Un taxi, seul au beau milieu de l’avenue, sert alors de bouclier à une vingtaine de rouges. Les plus téméraires, dont une femme bedonnante, pieds nus et déchaînée, continuent de raser les murs pour crier et lancer des projectiles. On sent l’esprit de vengeance, celui d’en découdre. Mais rien ne laisse présager que les choses prendront la forme d’un véritable affrontement, les militaires restant cachés à l’ombre des arbres et des bosquets. Quelque fois, des automobilistes klaxonnent pour encourager, des sympathisants hurlent leur soutien du Thai Belgian Bridge qui surplombe la scène. D’autres, pas franchement sur la même longueur d’ondes, s’arrêtent, ouvrent la fenêtre de leur voiture, et crachent en direction des manifestants tout leur mépris, exprimé aussi dans la foulée par des rafales d’insultes. A 21h15, la fin semble se dessiner, bien qu’une foule importante reste sur place. Les moto-taxis et chauffeurs de taxis qui s’étaient mêlés aux rouges reprennent possession de leur outil de travail. Une vague de départ débute. Ce soir, le conflit entre les rouges et le gouvernement a déjà suffisamment écrit son histoire. Reste à savoir quel sera le prochain chapitre. Ting en donne un avant-goût : « On ne sait pas si demain l’armée attaquera le camp. En tout cas, de notre côté, nous, nous resterons. Toujours prêts à nous battre, même à mourir ».

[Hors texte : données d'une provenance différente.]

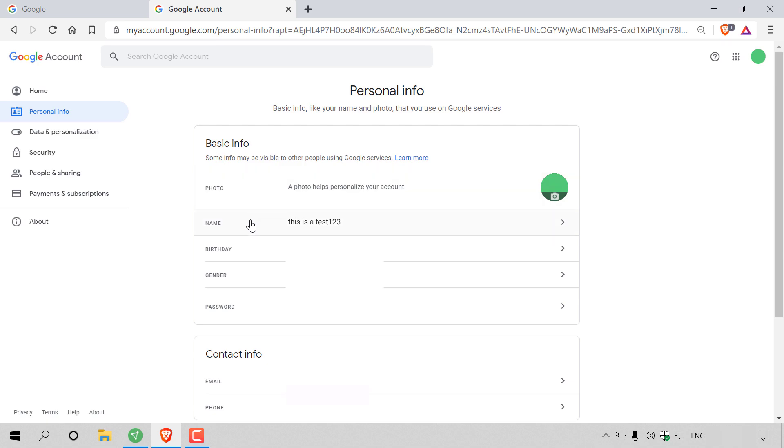So if we look at name here, you can see that our new name is now this is a test 123, and that pretty much concludes the video on how to change your Google accounts display name.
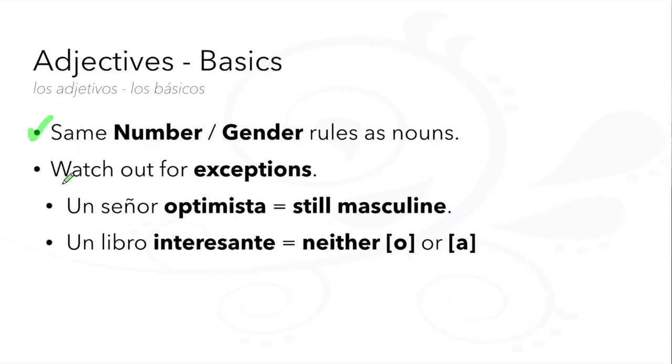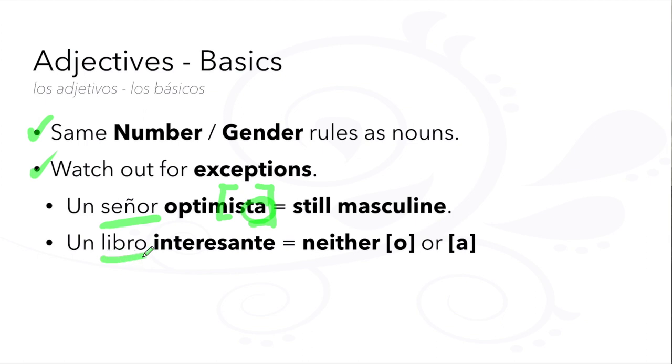Adjectives need to follow the same number and gender rules as nouns, but watch out for exceptions. Like words that end with -ista: even though it ends with an A, it's still masculine.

Toute la journée, le chapitre final était annoncé. L’armée enverait ses blindés et des milliers d’hommes pour nettoyer d’un coup de balai le site des Rouges, occupé depuis bientôt deux mois. A 18 heures, pourtant, un décor désertique. Le calme avant la tempête.


Deux manifestantes attendent, surveillent une possible arrivée de l’armée, le regard perçant, scrutant l’horizon sur Silom et son trafic qui, lui, ne prend pas de pause en cette fin de jeudi 13 mai.


Parmi les Rouges, se trouvent aussi de nombreuses femmes, des personnes âgées, et des adolescents, à l’image de ces deux jeunes trônant sur les barricades de bambou, pneus, et barbelés.


L’attente, l’attente. Le soleil se couche. Mais rien aux alentours. L’armée viendra-t-elle ? 18h30, les regards restent vigilants.


Question pour un champion : je suis curieux, un peu insouciant, mon téléphone portable à la main pour immortaliser la scène, avec un assortiment tongues et short estival. Eh bien oui : Farang est mon nom.


A l’entrée de la station MRT du métro de Silom, le sang du général Seh Daeng, touché à la tête par un sniper vers 19h25, témoigne de la violence de l’impact des balles.


L’un des fameux « Hommes en noir », ces combattants ressemblant plutôt à d’anciens militaires qu’à des paysans de l’Isan, montre les douilles des balles tirées en direction du général Seh Daeng.


Un des Rouges tient son pied blessé lors d’une explosion, dont l’origine reste inconnue. Est-ce l’armée ou les manifestants ? Personne ne pouvait donner de réponses.


Alors qu’auparavant plus ou moins n’importe qui pouvait pénétrer le site, tout a changé après que le général Seh Daeng ait essuyé une balle. Les fouilles sont devenues systématiques.


Une fois le courant rétabli et la crainte d’un « crackdown » dissipée, les Chemises rouges se sont précipitées devant la télévision, à l’affût des dernières nouvelles.


Rapidement après les incidents de Ratchaprasong, des manifestants ont filé à l’entrée du parc Lumpini, près du Thai-Belgian Bridge. La rage au ventre, la hargne d’en découdre, chaque pierre symbolisait le défoulement de la vengeance.


Situés derrière les murs du parc Lumpini, parfois cachés à l’ombre d’un bosquet, les militaires essuient les divers projectiles lancés par les manifestants…


… Et évidemment, les soldats n’attendent pas le lever du soleil pour faire parler leur fusils. Bien inspiré, ce manifestant portait un gilet protecteur, sans cela l’hématome arborerait des couleurs beaucoup plus féroces.